Congregation – a synonym for the day of a graduation
Dean of Degrees / Deputy Dean of Degrees – The Senior Fellow (or Fellows) responsible for presenting the College’s students to the Vice Chancellor during the graduation ceremony.
Degree conferral – The act of having your degree approved by the Vice Chancellor during the degree ceremony.
Degree Day – a synonym for the day of a graduation
Development – the name of the office at Jesus College that administrates the graduation ceremonies – you can contact them by emailing firstname.lastname@example.org
Doctorate of Philosophy – The PhD is known as the DPhil in Oxford
Graduate gown – The gown worn by student taking postgraduate taught or research courses, as part of sub fusc attire. Graduates typically wear this gown to the ceremony before chaning into the gown and hood of their new degree.

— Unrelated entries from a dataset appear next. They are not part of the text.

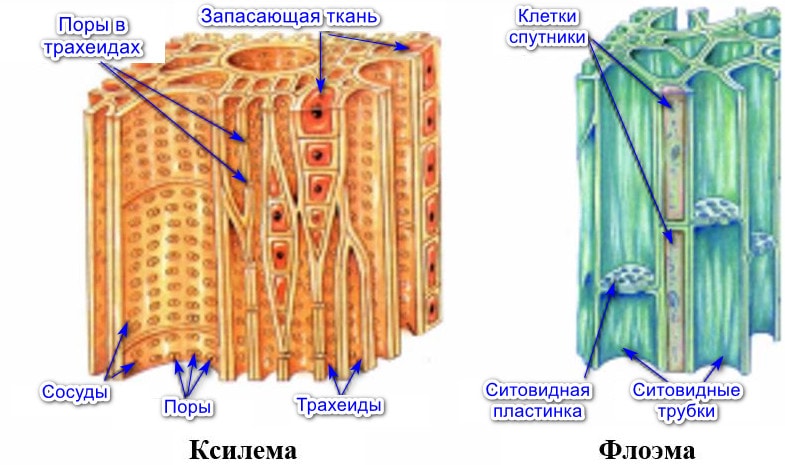 Строение проводящей ткани растений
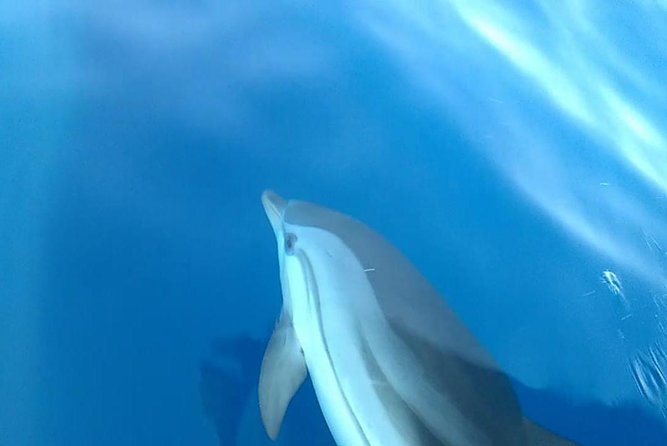 Fishing, Snorkelling & Dolphin Boat Tour - Planning, pickup, and cancellation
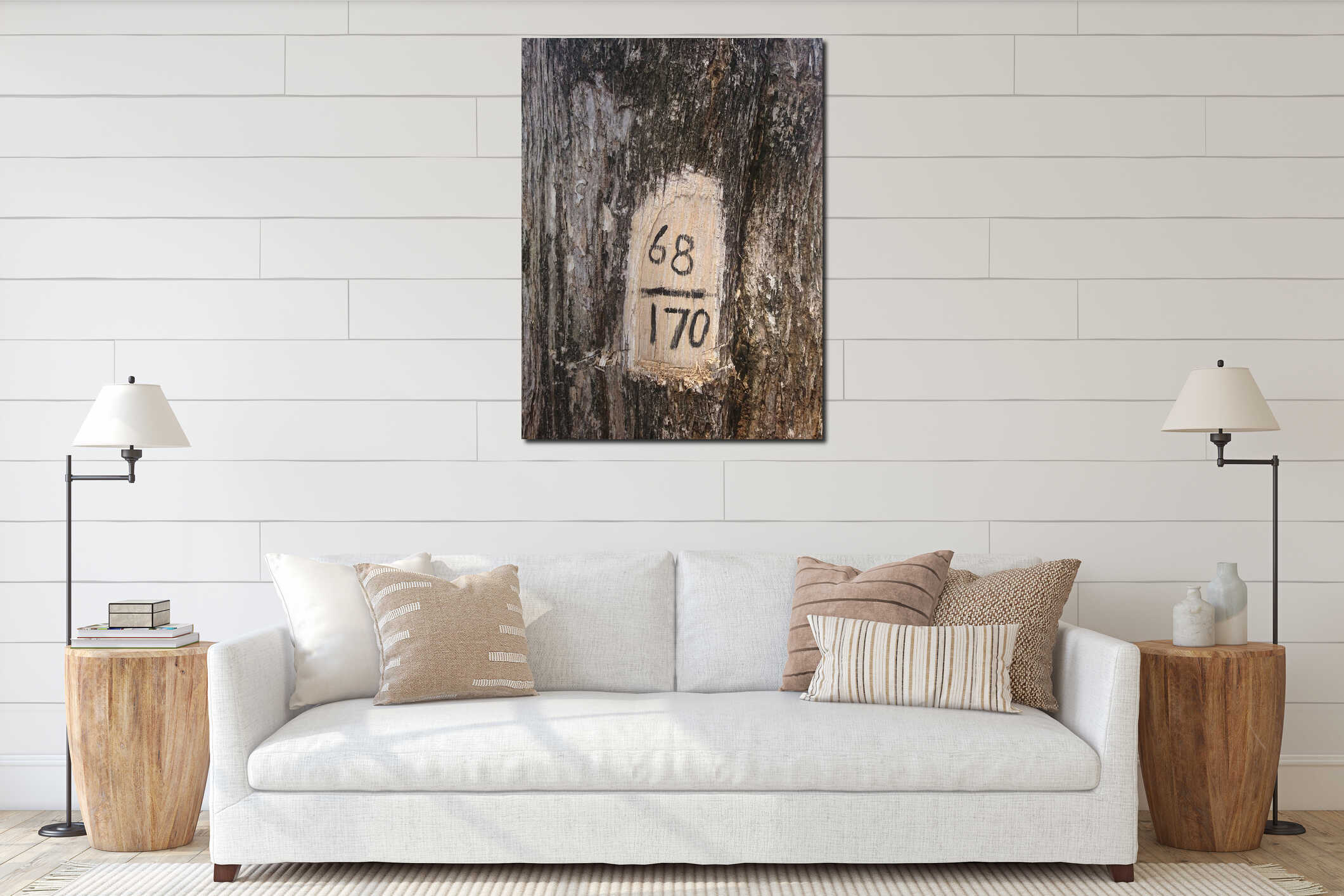 The size of the teak tree written as a marker interior mockup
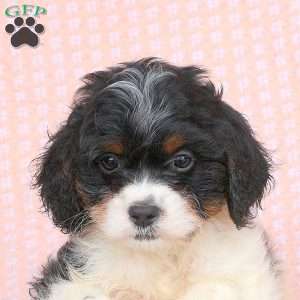 Gavin, Cavapoo Puppy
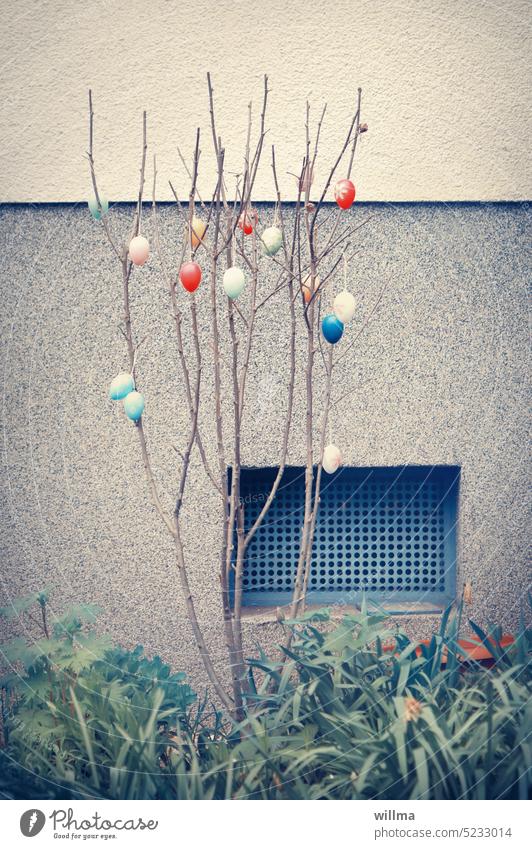 Easter tristesse. The will counts. Easter eggs shrub Bleak Adorned Gloomy dreariness Tradition Decoration Funny Prefab construction Cellar window bleak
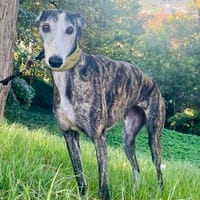 Maggie, sanft, menschenbezogen, sozial, Hündin zur Adoption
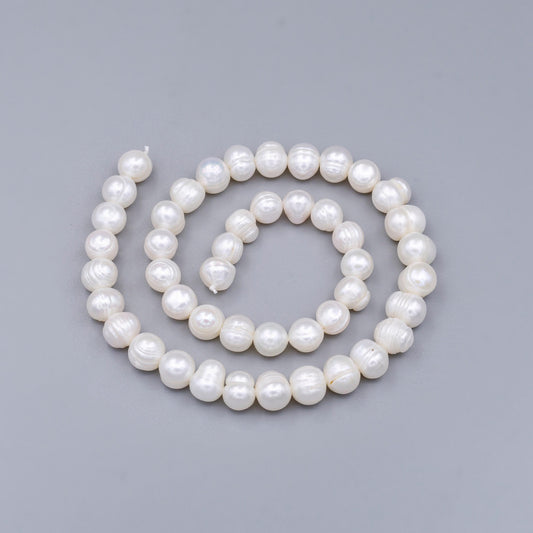 Fresh water pearl 8.5mm aaa white round button pearl strand for jewelry making | wa-1658
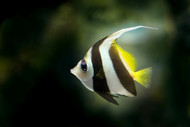 January Featured Fish: Angelfish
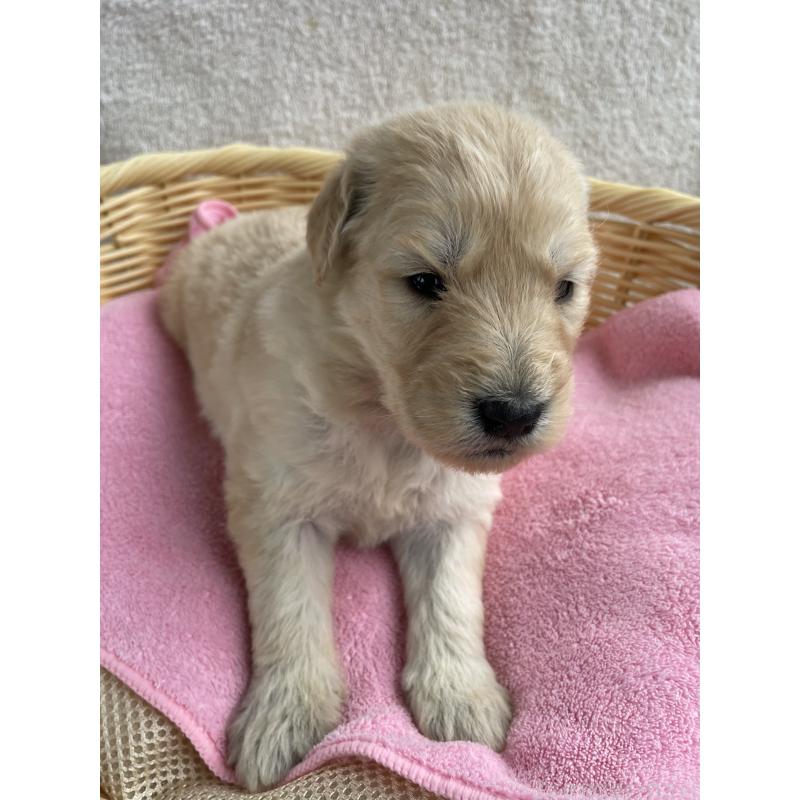 販売中の茨城県のゴールデンドゥードル:ゴールデンレトリーバー×プードル-446255の2枚目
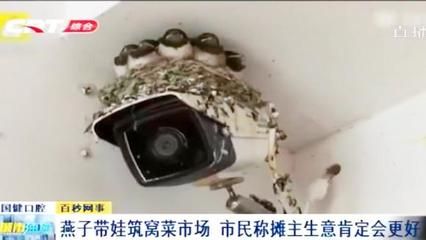 水族馆生意不好（探讨水族馆生意不佳的原因） 水族馆百科（水族馆加盟） 第5张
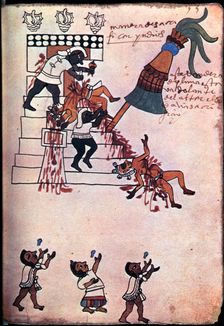Codex of Tudela, 16th century. Scene of an Indian sacrifice. Creator: Unknown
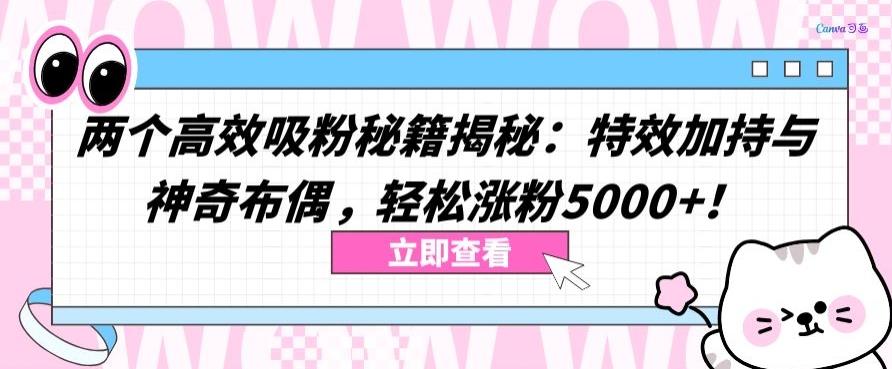 两个高效吸粉秘籍揭秘：特效加持与神奇布偶，轻松涨粉5000+【揭秘】-网创星球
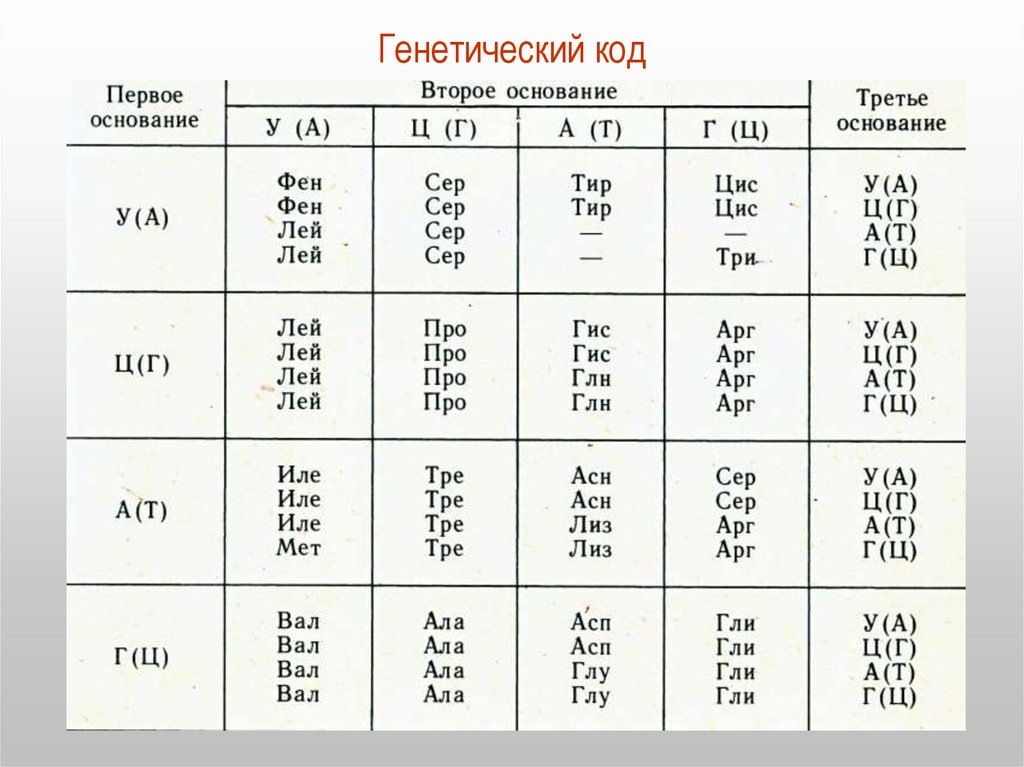 Генетический код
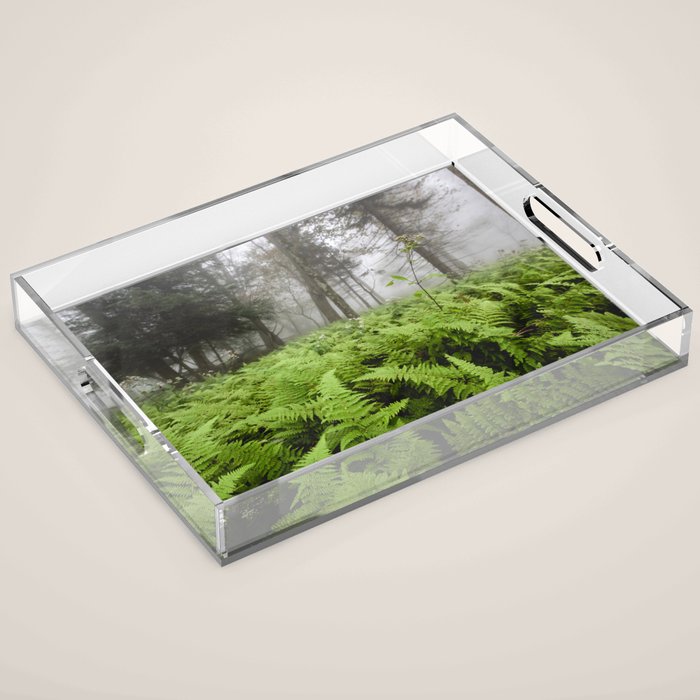 Fern Prairie Nature Forest Photography Acrylic Tray Gallery Image 1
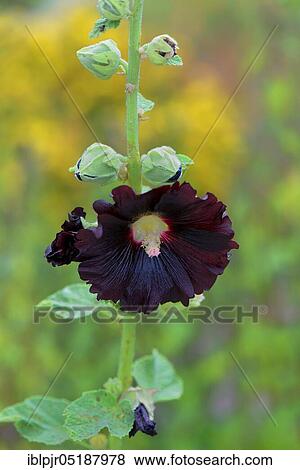 Stock Photo - Black hollyhock, Alcea rosea 'Nigra', Common hollyhock. Fotosearch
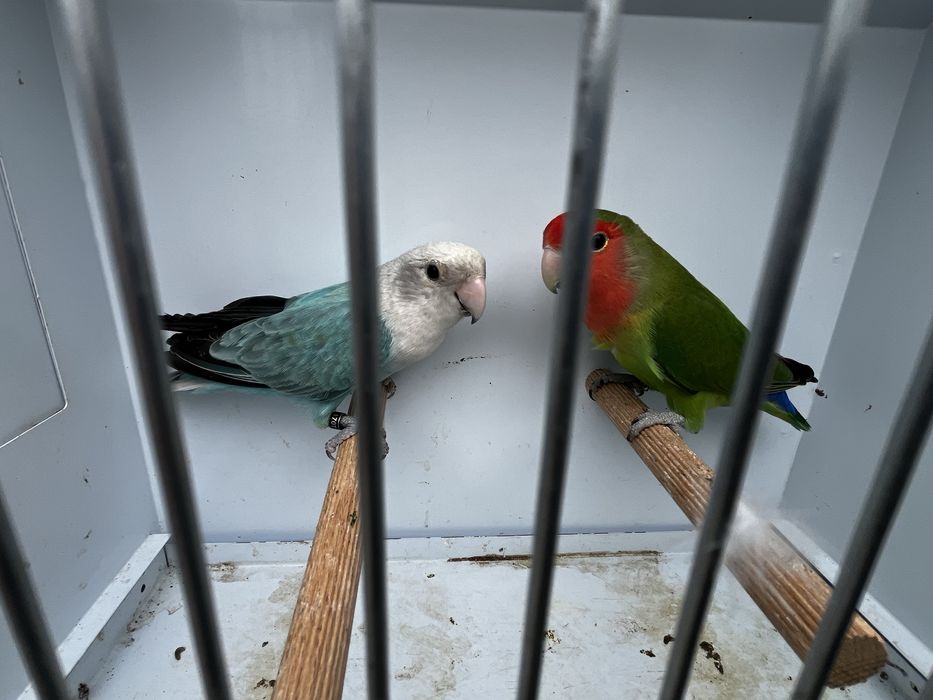 Casal de agapornis roseicollis longfeather
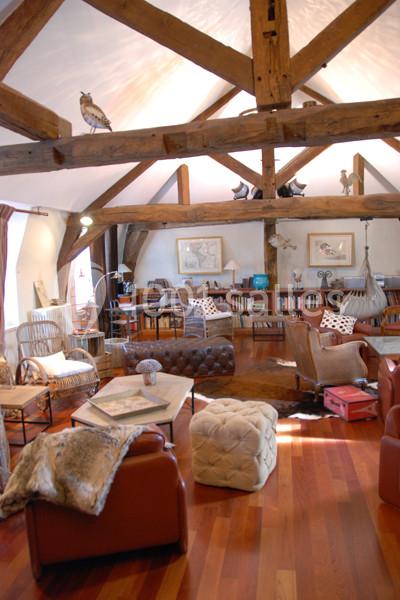 Location salle Louveciennes (Yvelines) - Campus BNP Paribas Louveciennes #13 Salon chaleureux avec poutres apparentes, mobilier en cuir et bois, bibliothèque et décoration éclectique.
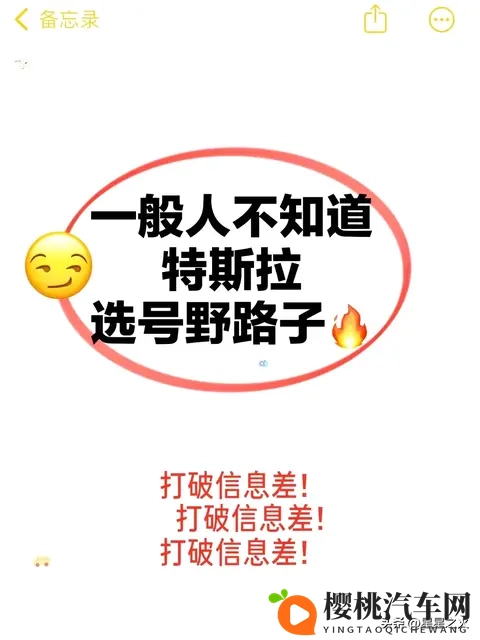 很好用‼️特斯拉选号野路子💯-1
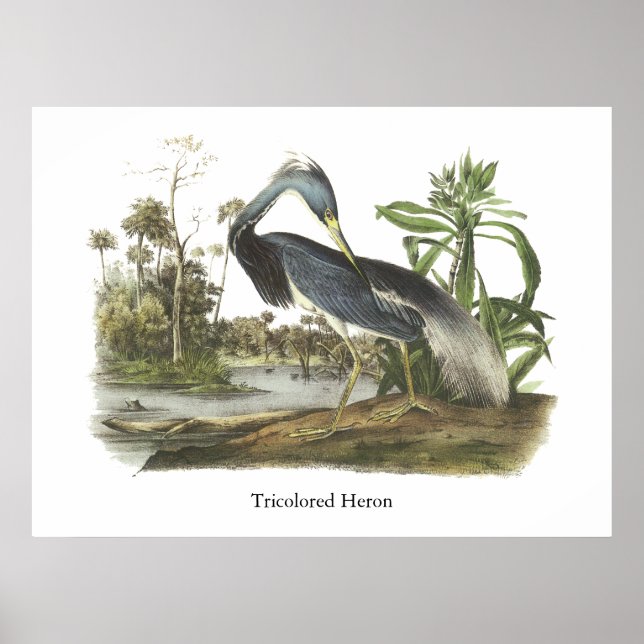 Tricolored Heron, John Audubon Poster (Front)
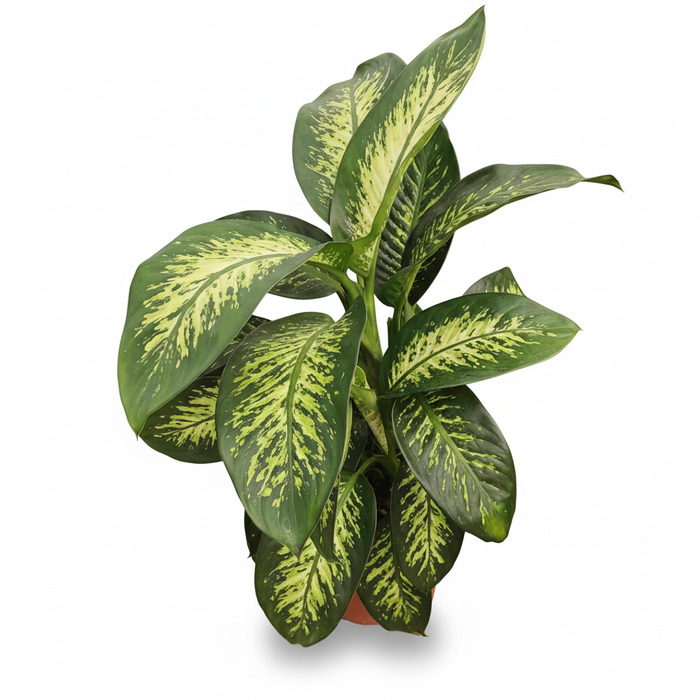 Dieffenbachia overig gemengd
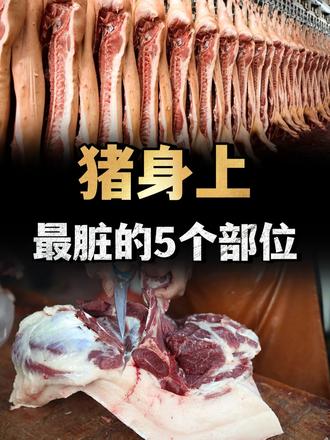 猪身上最脏的5个部位，很多人喜欢买，但专家建议最好少吃！ （1）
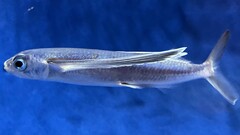 Bony Flyingfish photo 4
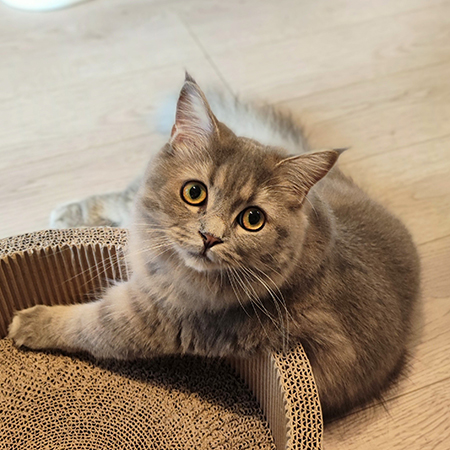 こちらを見つめるすずしろちゃん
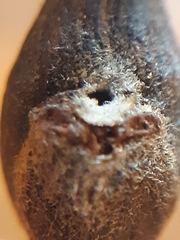 Rabdophaga pierreana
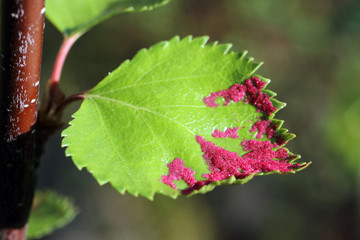 Red larvae on a leaf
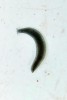 Primitivní ploštěnka horská́  (Crenobia alpina), jejíž tělo tvoří pouze dva zárodečné listy. Foto J. Vaněk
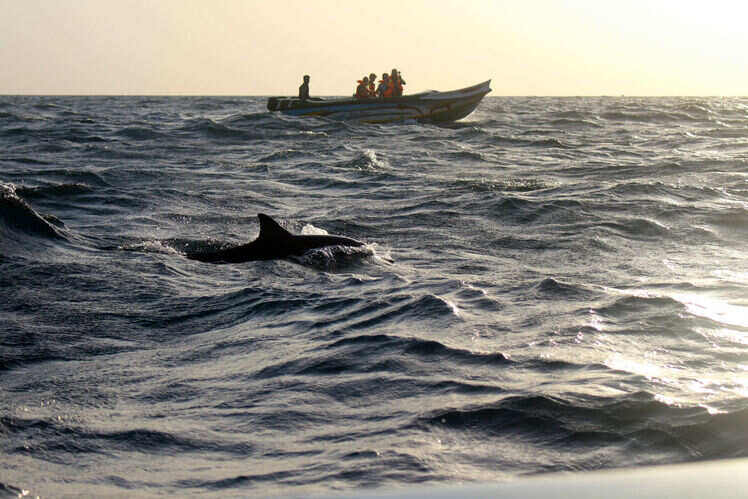 Dolphin spotting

Historic Graduand – A person that has not had their degree conferred despite having completed their course at least 9 months ago. This could be due to a variety of reasons. As current final year students are given preference for the limited number of ceremony spaces each year, historic graduands will often go on a waiting list for their choice of ceremony, being offered a space if one becomes available.
Hood – Each degree carries with it the right to wear a different academic hood. These are usually made of different coloured silks or trimmed with fur and will be presented to you to wear after your degree has been conferred. They are usually only hired for the graduation day, however, those who will be partaking in academic ceremonies regularly may choose to buy a hood.
In Absentia – The act of taking your degree in absence, not being physically present at the ceremony. Your name will still read out at the ceremony and your degree conferred, with the certificate then being posted to you. Most MA’s and historic degrees are taken in absence and some international graduands also choose this option.
Leave to Supplicate – Usually used in reference to research students, this is the official notification from your department that your work has been submitted, assessed and permission has been granted for you to have your degree conferred.
MA – MA is abbreviation of the Master of Arts degree. This is a mark of seniority within the University which may be conferred 21 terms after matriculation. The Oxford MA is represents someone having achieved a new status within the University and is not an upgrade of a BA or similar qualification. MA conferral is only available to BA/BFA graduates.
Matriculation Year – the year that you officially enrolled in the University, the start of your course.
PGCE- Post-Graduate Certificate in Education.
PGR – A student taking a postgraduate research degree.
PGT – A student taking a postgraduate degree that is taught and assessed through examinations and essays rather than a research thesis.
Scholar’s gown – The gown that an undergraduate that holds a scholarship or exhibition usually wears. Some people graduating with a BA/Integrated Masters choose to wear this gown to the ceremony before changing in to their new degree gown and hood.
Sheldonian Theatre – The location of all degree ceremonies.
Sub fusc – Formal attire worn by students and academics on formal academic occasions, including graduation. It is made up of:
- a dark suit, skirt or trousers
- a white shirt or blouse
- a white or black bow tie, black full-length tie or black ribbon
- worn with a black Commoner’s, Scholar’s or Graduate gown as appropriate, and a mortar-board or soft cap.